Armstrong at last admits to doping

Washington, Jan 18 (IANS) Cyclist Lance Armstrong has finally admitted that he used performance enhancing drugs during his racing days, including the time when he won seven Tour de France titles.

In an interview with talk show host Oprah Winfrey broadcast Thursday night, Armstrong ended years of denial by admitting he started using drugs in the "mid 1990s", reports Xinhua.

"Yes", said the 41-year-old American without hesitation when Winfrey asked whether he used performance enhancing drugs.

"My cocktail, so to speak, was only EPO, but not a lot, transfusions and testosterone," he said.

Asked why he had repeatedly denied using banned drugs until now, Armstrong said: "I don't know I have a great answer.

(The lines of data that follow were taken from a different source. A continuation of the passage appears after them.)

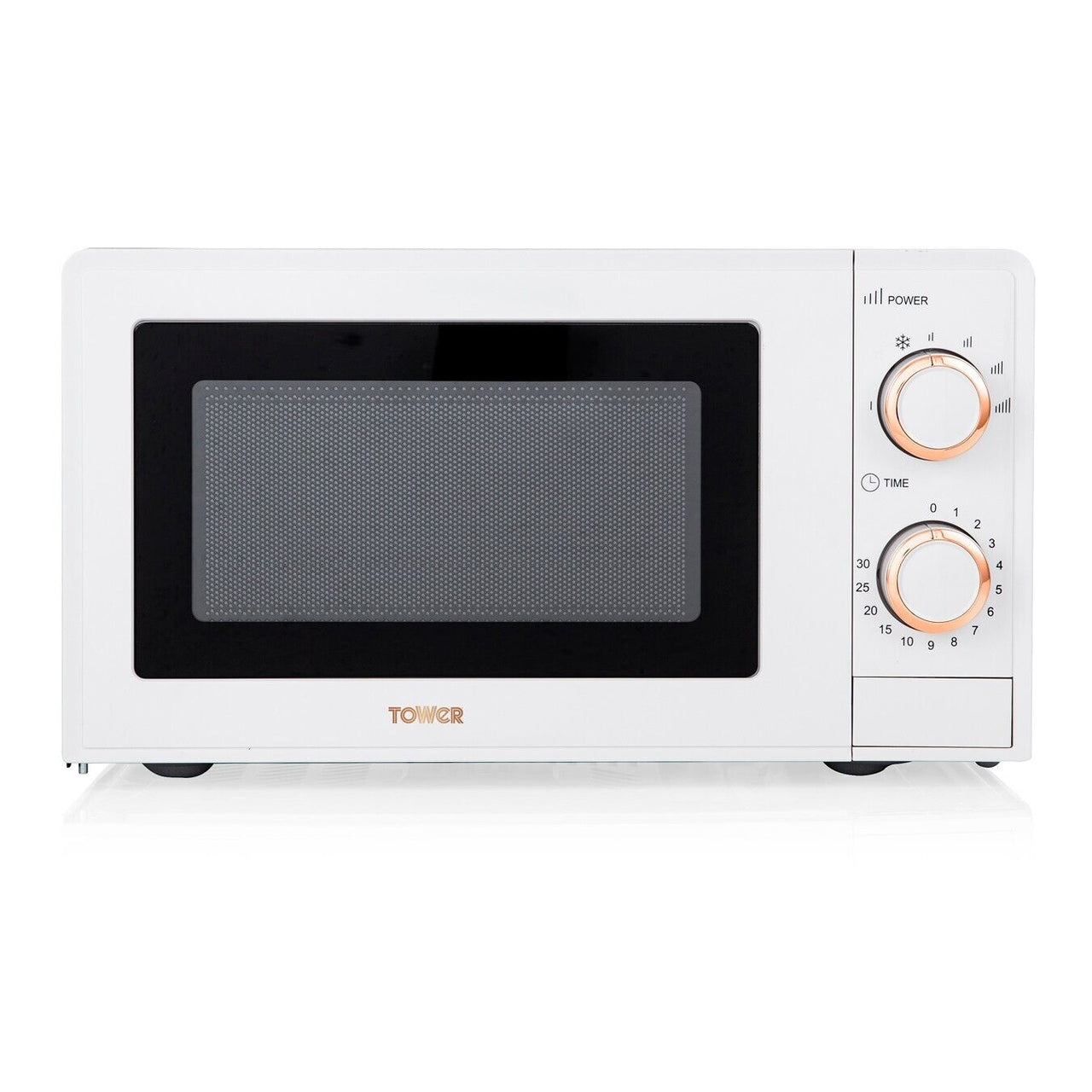 Tower T24029WRG  17L 700W Microwave in White & Rose Gold - New -3 Year Guarantee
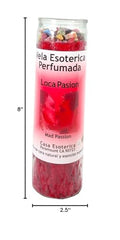 MAGICK SPACE MAD Passion palm wax candle emphasizes sustainable charm.
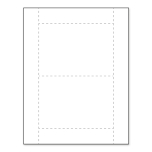 4-1/4" x 6" Paper agenda Inserts compatible with laser and inkjet printers
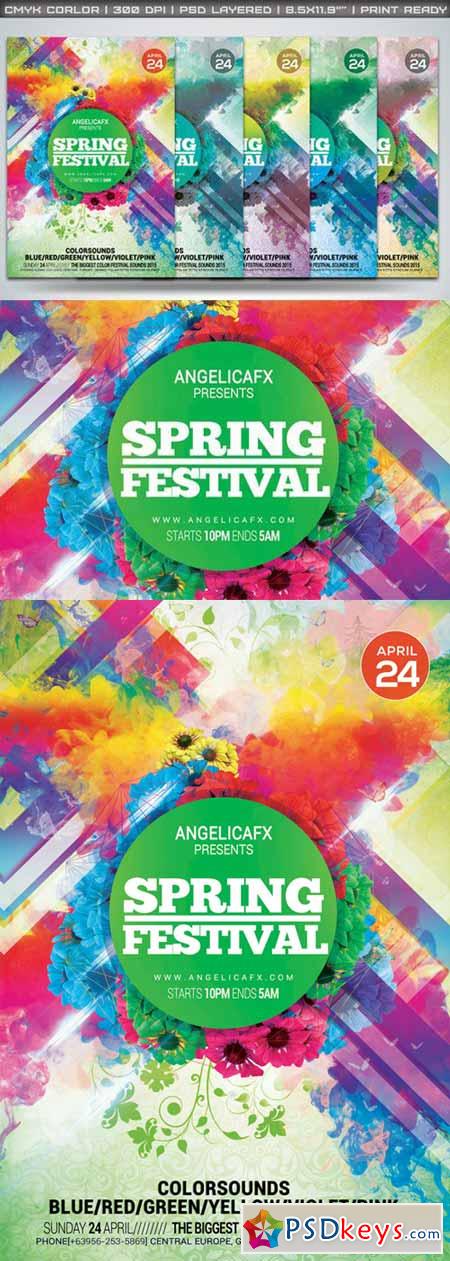 Spring Sounds Flyer Template 241004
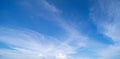 Fluffy cirrus clouds on blue sky abstract nature weather season summer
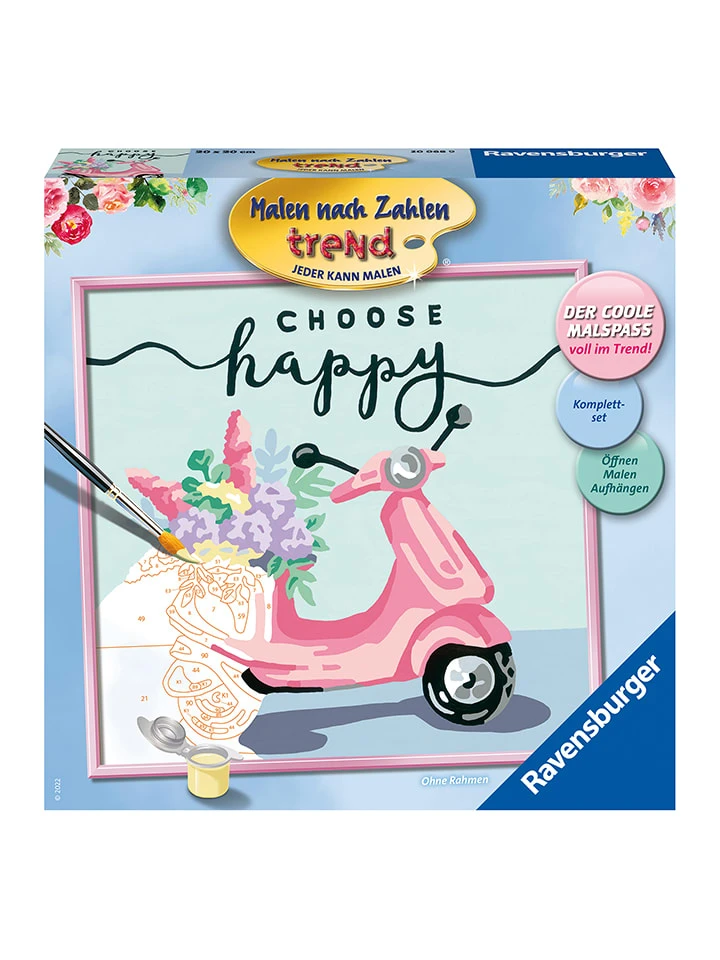 Ravensburger Schilderen-op-nummer-set "Choose Happy" - Vanaf 12 Jaar 3 Ravensburger Schilderen-op-nummer-set "Choose Happy" - Vanaf 12 Jaar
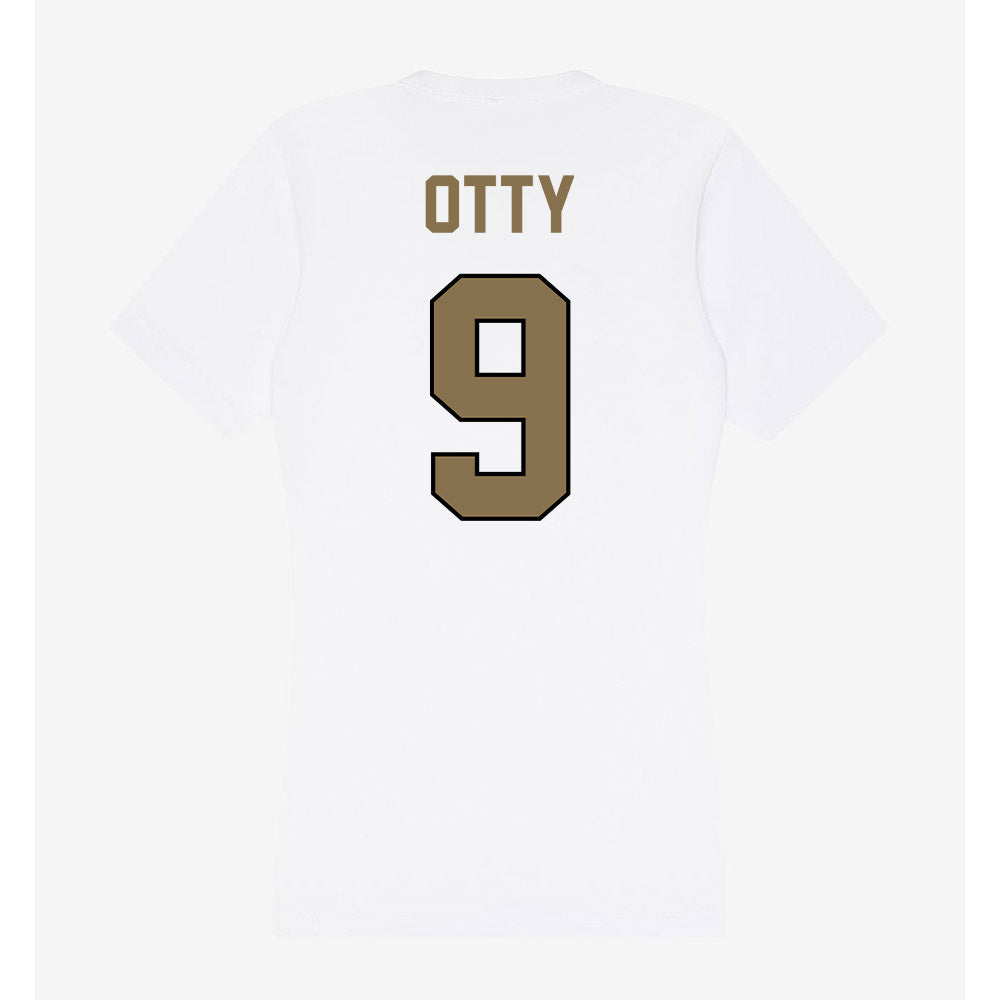 Bryant - NCAA Football : Micheal Otty - Women's V-Neck T-Shirt-1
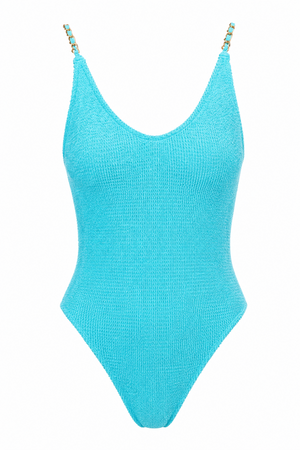 SYDNEY GOLD CHAINS ONE PIECE SWIMSUIT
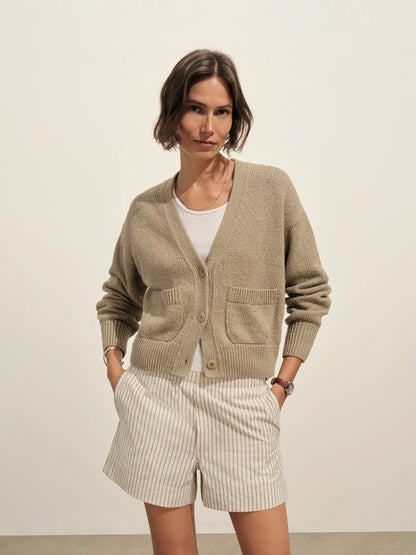 Chamomile/Brown Stripe Mainstay Boxer Short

"This is too late, probably for most people, and that's my fault. I view this situation as one big lie that I repeated a lot of times," he said.

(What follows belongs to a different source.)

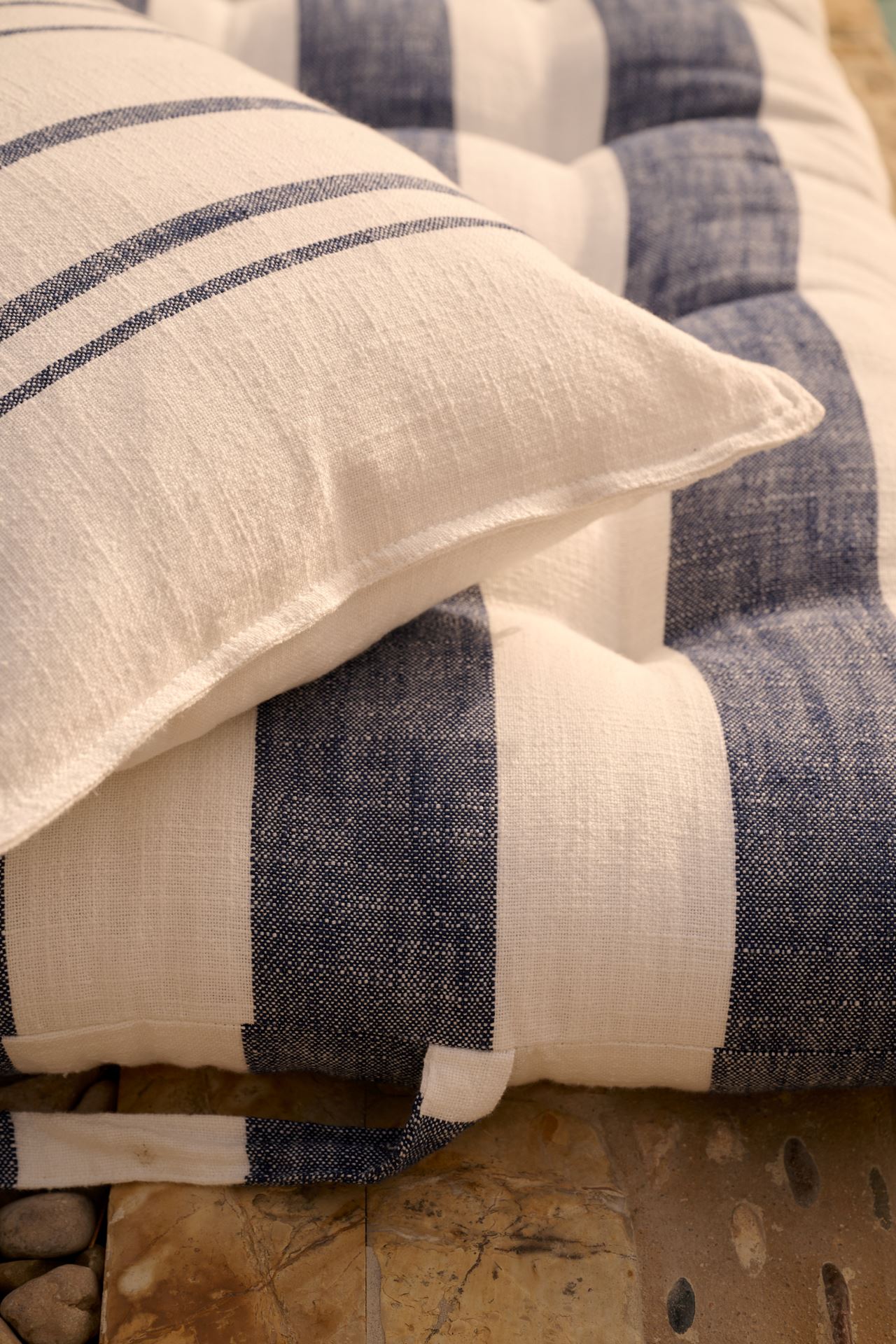 Foldbar sittepute marineblå - 4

Armstrong, whose successful fight against testicular cancer and feats in cycling once inspired millions of people, said he just followed a "doping culture".

"I didn't invent the culture, but I didn't try to stop the culture," he said. "I'm sorry for that."

Armstrong said he never considered he did something wrong at that time and he would not have won seven Tour de France if not for doping.

"I just looked up the definition of cheat. And the definition of cheat is to gain an advantage on a rival or foe, you know, that they don't have or that they -- you know, I didn't feel it that way. I viewed it as a level playing field," he said.

Since his return from cancer in 1998, Armstrong started to conquer the toughest cycling race Tour de France in 1999, Armstrong showed such strong will and longing to win that he took to pills and injections and even pressured his teammates to do so.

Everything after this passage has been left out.